Sulla vicenda della sedicenne uccisa e bruciata a Corigliano Calabro, Francesca Chaouqui ha scritto una lettera al Corriere della Sera in cui, dopo avere precisato di essere nata in un paese vicino al luogo teatro della tragedia, mette in evidenza la visione maschilista a suo dire predominante nella propria terra d’origine «nonostante la Calabria – dice – sia una terra matriarcale». Chaouqui parla del rapporto uomo-donna come di «un binomio di mondi paralleli che non si trovano mai». E attacca: «Dalle nostre parti si fa voto a San Francesco di Paola per avere un maschio, in Calabria tutte le donne vogliono un figlio maschio, ancora oggi. Se nasci femmina la tua stessa venuta al mondo disattende la volontà di chi dovrebbe amarti incondizionatamente ma nonostante questo la Calabria è una terra matriarcale, sono le madri a indirizzare le famiglie, a aiutare i figli nelle scelte e anzi spesso a decidere per loro».
E’ un’immagine deprimente, quella che appare dalla lettera pubblicata sul Corriere della sera: «Fabiana è cresciuta come tutte noi, sentendosi dire cittu ca tu si fimmina, non su così pi tia, fai silenzio, sei una donna non sono cose per te.
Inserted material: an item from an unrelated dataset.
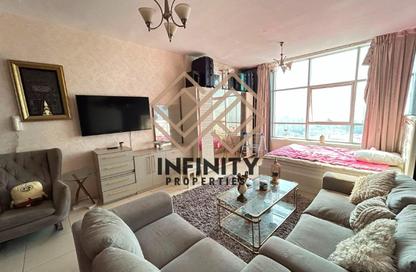 Apartment - Studio - 1 Bathroom for sale in Orient Tower 2 - Orient Towers - Al Bustan - Ajman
Davide sarà cresciuto aspettando il suo battesimo del fuoco, la prima volta, quella che ti fa entrare al bar spavaldo a dire mo sugnu n’uomminu, ora sono un uomo, come se bastasse questo per essere cresciuto e aver trovato un ruolo in quella società».
Parole che hanno suscitato reazioni indignate in rete. «Per come conosco la Calabria – aggiunge Renate Siebert – devo dedurre che chi sostiene queste tesi è sostanzialmente razzista. Per questo non condivido che si possa parlare di specificità calabrese».